L’obiettivo dei tre ideatori e registi del film è di riuscire a presentarlo al Festival del cinema di Venezia. Per pagare almeno la metà degli elevati costi di post-produzione hanno pensato di lanciare una campagna di crowdfunding sulla piattaforma Indiegogo, fino al 17 luglio, disponibile in italiano, inglese e arabo. Dal 18 maggio, giorno del lancio, il progetto ha già raccolto più di quindicimila euro su settantacinquemila e i commenti di chi ha deciso di sostenerlo sono entusiasti. “È un rischio folle quello che ci stiamo prendendo” – si legge su Indiegogo- “ma vogliamo credere che esista una comunità di persone, in Europa e nel Mediterraneo, che come noi sognano che un giorno questo mare smetta di ingoiare le vite dei suoi viaggiatori e torni ad essere un mare di pace, un mare dove tutti siano liberi di viaggiare, e dove nessuno divida più gli uomini e le donne in legali e illegali.” Un rischio perché il film, come spiega il regista, “potrebbe essere letto come un’autodenuncia, o comunque come testimonianza per favoreggiamento dell’immigrazione clandestina. Il nostro progetto però ha uno scopo comunicativo, e assolutamente non abbiamo preso soldi.

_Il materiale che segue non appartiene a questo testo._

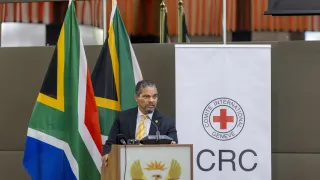 Alvin Botes speaking at the Global High-Level Initiative event on IHL in Pretoria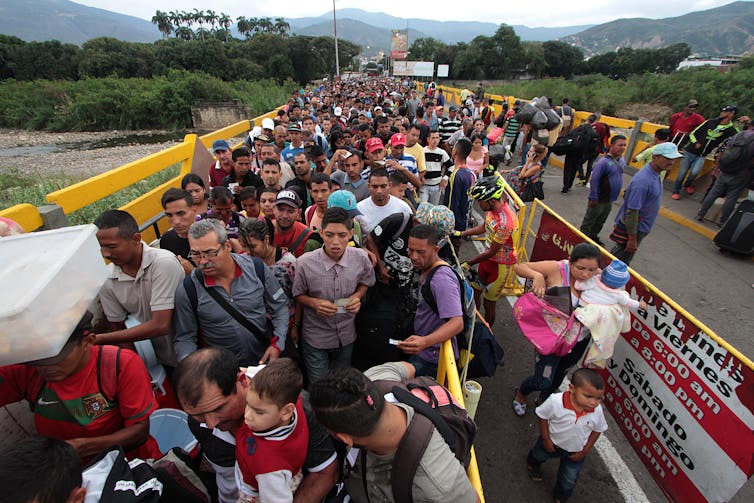 A crowd of people carrying bags walk closely, crossing a bridge, with a river and green hills behind them.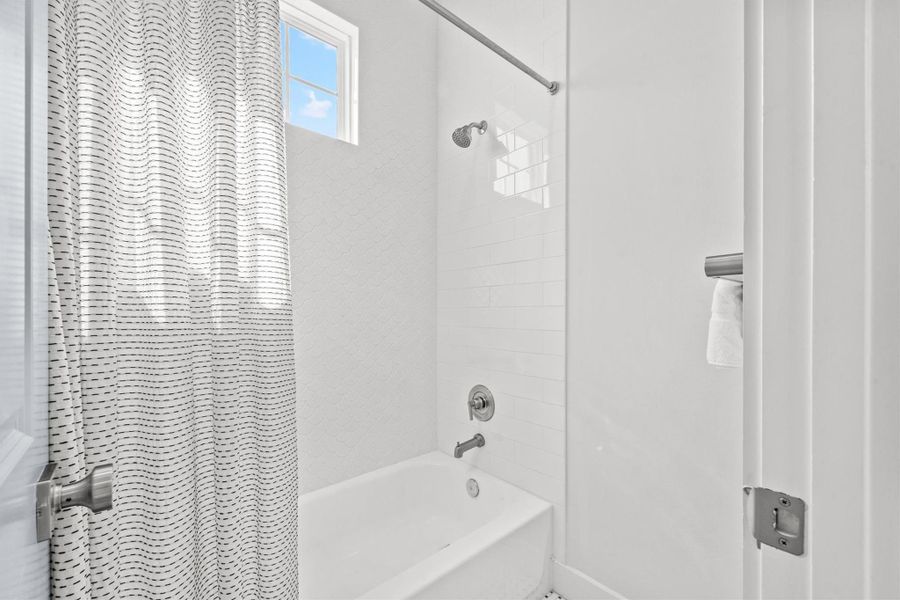 The shared second-floor bathroom features a tub-shower combination, accented by beautiful tile.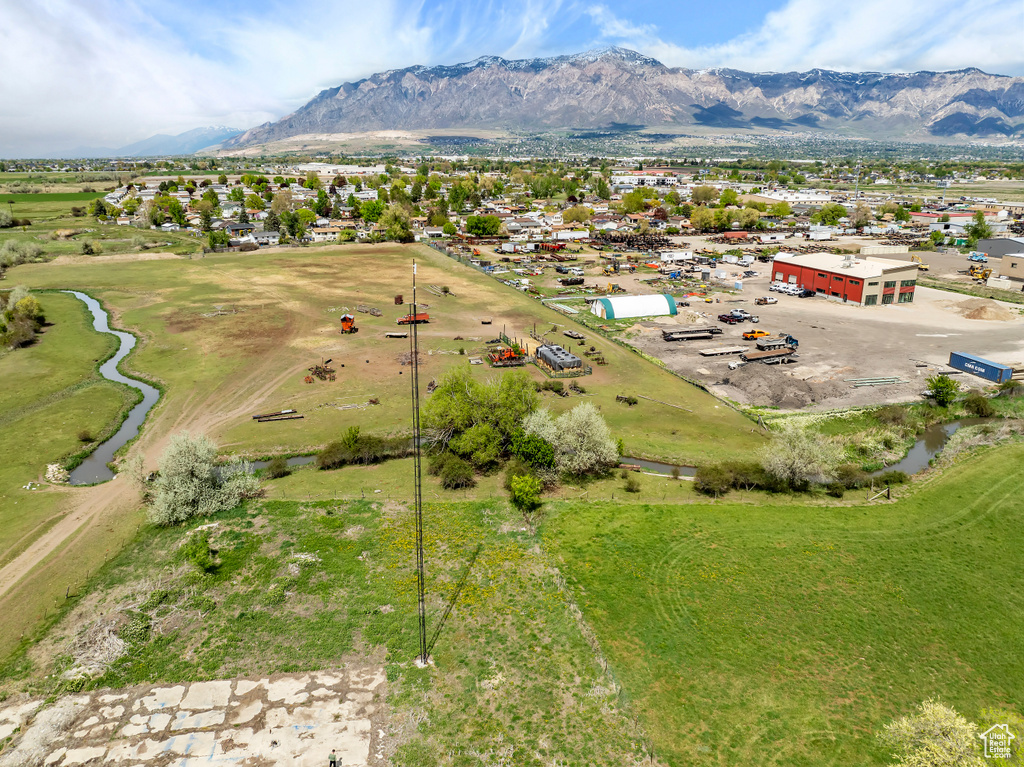 Bird\'s eye view with a water and mountain view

“Io sto con la sposa” è un film manifesto “in cui riconoscersi, noi che crediamo che viaggiare non sia un crimine e che criminale sia invece chiudere gli occhi di fronte ai morti di viaggio sulle nostre spiagge mediterranee e di fronte ai morti nella guerra in Siria” scrivono gli autori. Un documentario sugli orrori della guerra ma anche sul diritto di avere un futuro e una vita dignitosa. Un atto di “disobbedienza civile” che sta mostrando un’altra Europa, quella pronta ad aiutare e non a chiudere gli occhi di fronte a chi è costretto a fuggire, lasciando la propria terra, alla ricerca di un posto migliore dove far crescere i propri figli.